The Oregon-Davis School Board is being asked to step up its recruitment and retention efforts. During Monday’s discussion about a proposed high school administrative restructuring, several community members felt the school corporation needed a long-term strategy for addressing ongoing enrollment decline.
Parent Lee Nagai was among the most vocal. “This sounds terribly harsh, but if you as board members aren’t going to tackle this and lead on this, you need to resign,” he said. “This is the school system. I went to school here. My parents went to school here. Both my grandparents were on this board. This is killing me.”
For his part, Nagai said he’s been following a Knox school bus around Hamlet, and found that it picks up 25 kids just within the town. Nagai also said that when he served on the O-D School Board, he “personally recruited” six students.
Board Member Kyle Hinds said he wants to explore offering bus transportation to the Knox area, but felt that O-D also needs something to attract students. “Whether we can partner with a Gilsinger’s or a company to utilize the bus barn so we could push out certified ag technicians or we partner with someone else, there’s got to be some industry that needs something, if students could come out of here with a jump start towards a union electrician job or something,” he said. “We need the superintendent reaching out to as many people as we can, finding some partnerships, some grants, something that we can do here that’s going to draw kids in.”
Several of those in attendance Monday felt the addition of a girls high school soccer team should be a big draw for Oregon-Davis, but noted that students have to go elsewhere to play football and other sports.
Some suggested that the best way to address recruitment and retention would be to hire an outside consultant who specializes in those matters. But Board President Chris Lawrence doubted it would help. “We’ve reached out to a couple different people,” Lawrence said, “and they’re like, ‘Oh yeah, you can send us money. You can send us money and hire us, but we’ll tell you, you have a housing shortage and the time zone.’ They said, ‘Hire us. Go ahead and pay us, but we can tell you right now, Oregon and Davis townships in Starke County have a housing problem.’ We don’t have houses.” The apparently-low birth rate throughout the surrounding region was also cited as a challenge.
Others felt recruitment and retention needs to start with parents. They noted that negative perceptions can spread quickly on Facebook, and they challenged parents to share the positive things about the school corporation online.

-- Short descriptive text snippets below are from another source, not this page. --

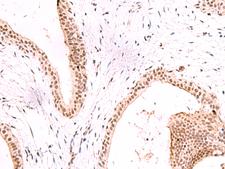 CBFA2T2 / MTGR1 Antibody - Immunohistochemistry of paraffin-embedded Human breast cancer tissue  using CBFA2T2 Polyclonal Antibody at dilution of 1:60(×200)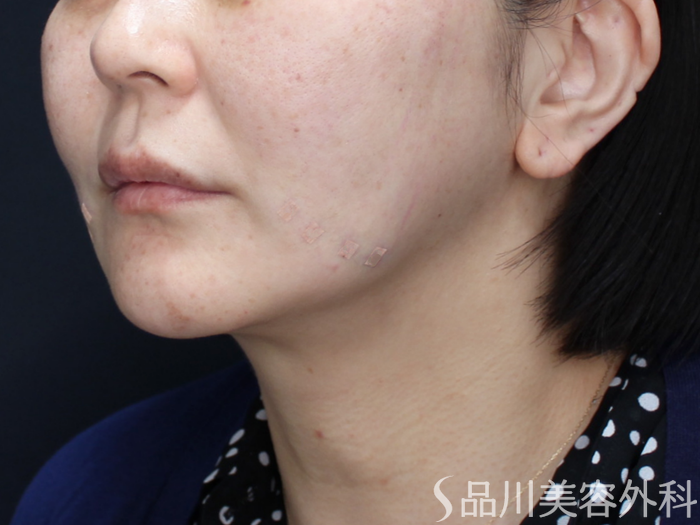 症例NO.71633のAFTER写真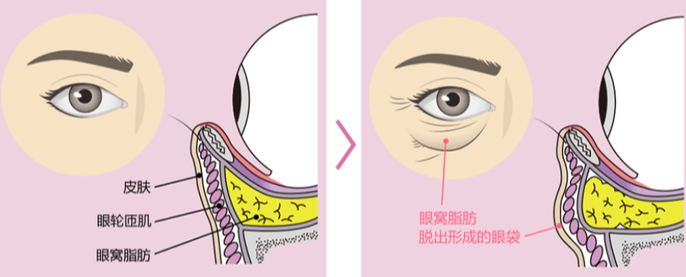 眼袋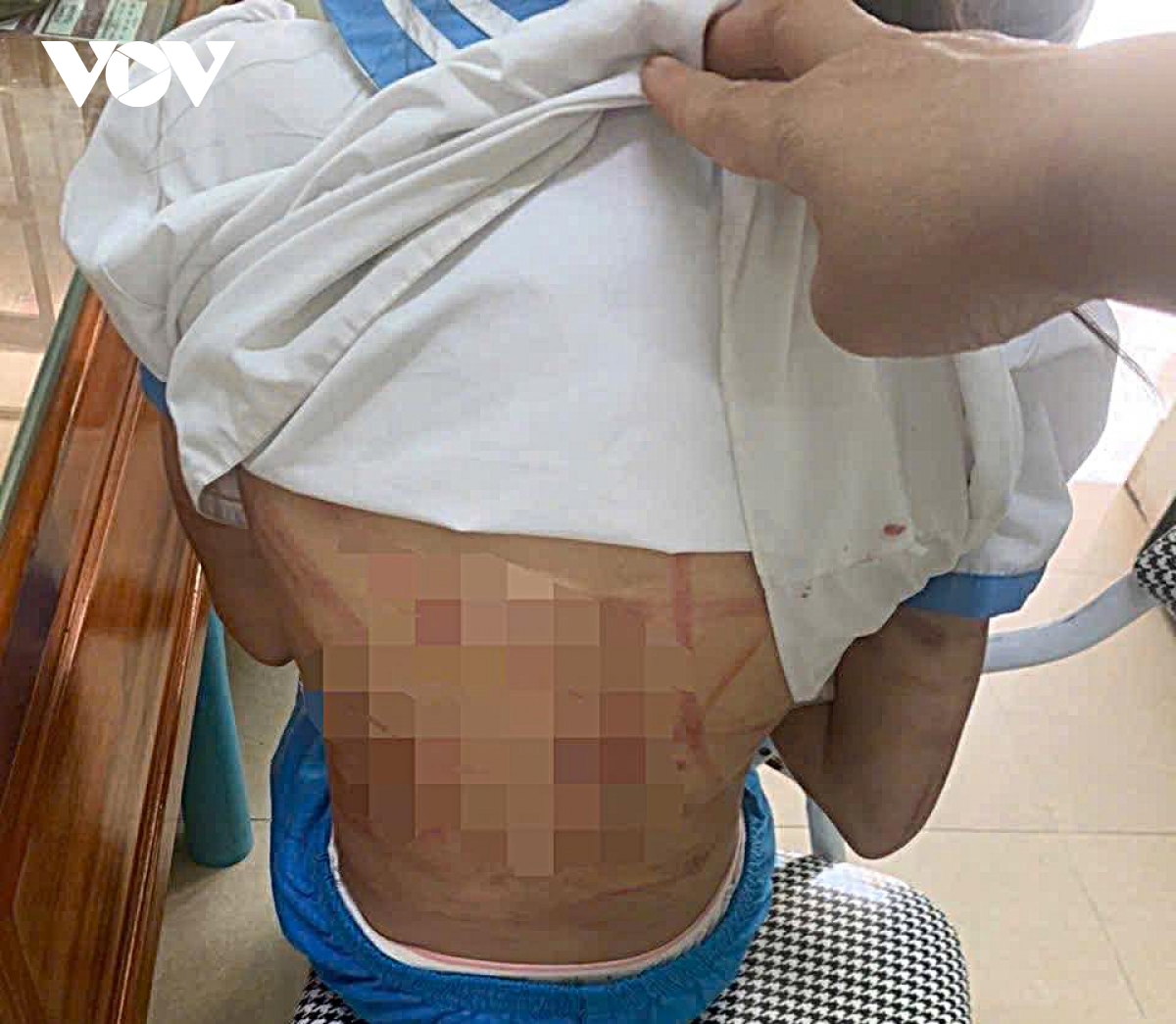 Bé gái nhập viện nghi do cha dượng hành hung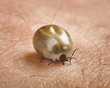 Tick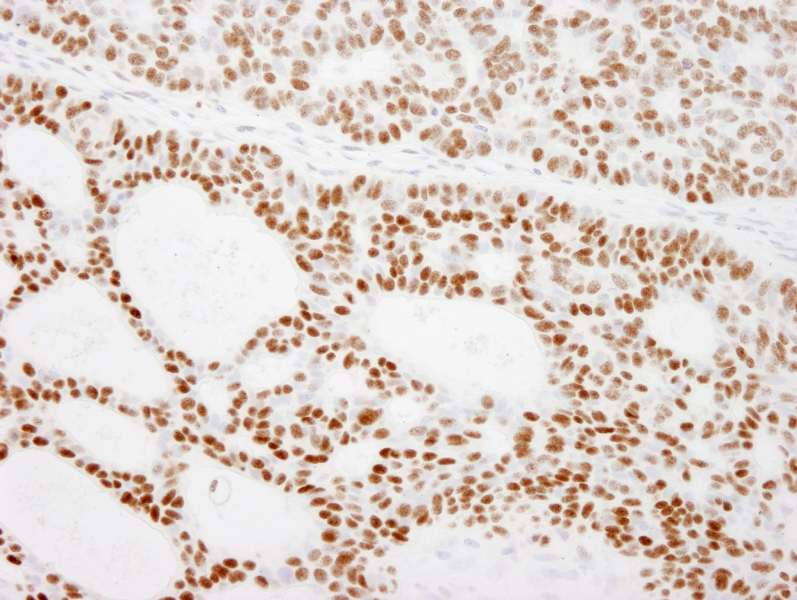 RCC2 Antibody (aa475-C-term)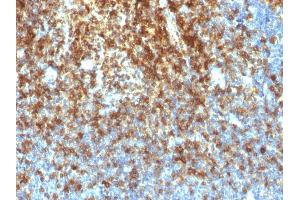 Formalin-fixed, paraffin-embedded human Tonsil stained with CD43 Rabbit Recombinant Monoclonal Antibody (SPN/1766R). (Recombinant CD43 抗体)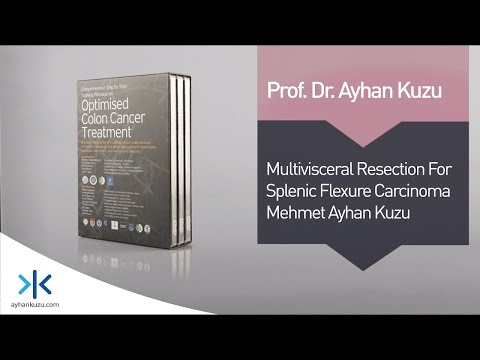 2.2.3.Multivisceral Resection - Subtotal Colectomy - Werner Hohenberger & M. Ayhan Kuzu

Still, Board Member Hinds assured those in attendance that the school board will be discussing recruitment in the next couple weeks. “I have pushed hard for a workshop,” he said. “It’s going to be financial, and it’s going to be enrollment-driven. I think the date is scheduled, July 10. I’ve sent out numerous emails. We’re having it. We have to have something here to sell that people want.”
The work session will also feature a facilities tour and discussions about the corporation’s strategic plan. It will be held July 10 at 6:00 p.m.